The Importance of Lying in Enterprise Software

Executive Summary

  • The implications of constant lying in the enterprise software market.
  • Why is lying in the enterprise software space such an advantage?
  • Whey are people so easily fooled by false marketing hyperbole?

Pre Reading

This article describes product which SAP introduced a while ago, which is nothing but a marketing creations.

Background on Lying in the Enterprise Software Market

What the article describes is how so few SAP customers or analyst have picked up on the fact that SAP provides so much false information in the marketplace. This puts all the onus on people like me to explain what are nonsense SAP marketing constructs to the decision makers. Many people seem to assume that SAP must be providing accurate information because they are a big successful company.

However, SAP lies all the time, and extremely brazenly. This extends from anywhere from telling clients about functionality that does not work, to providing false references about how their software has been deployed. I work with and interact many vendors, and I estimate that SAP, IBM Oracle are the least honest vendors in the enterprise software space, and not coincidentally, the three largest vendors.

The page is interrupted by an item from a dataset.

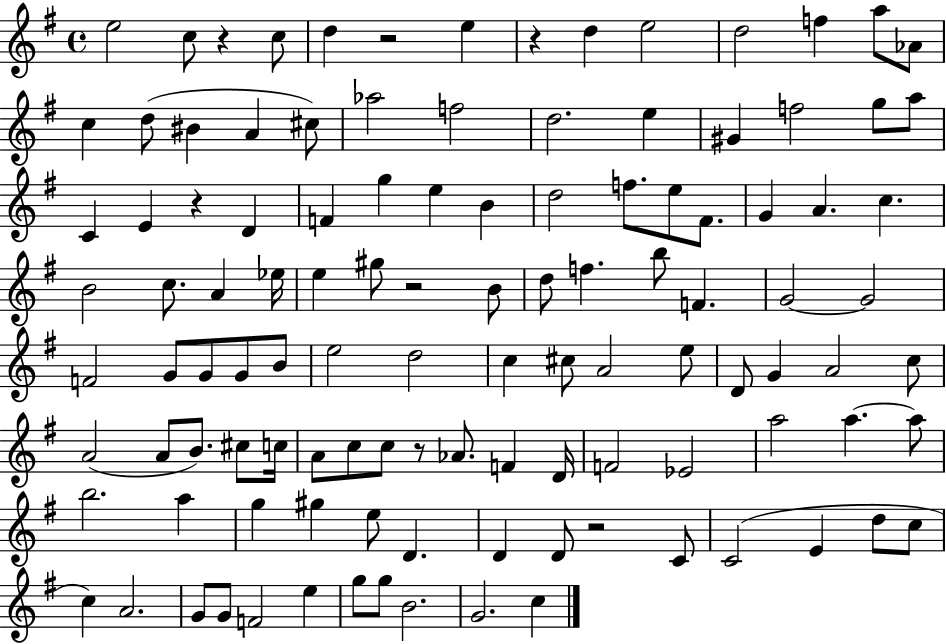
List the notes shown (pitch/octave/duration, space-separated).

This indicates that lying is a significant advantage in the enterprise software space.

The Lying Advantage

A company that lies, and gets away with it, has an advantage in the marketplace. Under the on-premises software model, companies implement their software, and they are stuck with it because they have sunk so much money into the implementation. This is why lying is an extremely important component of some, and often the most successful enterprise software vendors. It is similarly important for consulting companies, as misleading clients about what software products is the best for their needs (that is recommending software that has a high billing rate and for which they have resources training in the application) is similarly profit maximizing.

SAP Platinum Consultant

This brings up the topic of an SAP Platinum Consultant. Clients sometimes ask for an “SAP Platinum Consultant” when they can’t get the software to work as advertised. The consultant typically can’t get it to work either, and there are so many parts of SAP don’t work as advertised, because SAP is continually lying about its functionality. However, they are fast with an excuse as to why the functionality should not be able to work because of some reason specific to the client environment. The excuses they come up with are often quite ludicrous, as is described in this article.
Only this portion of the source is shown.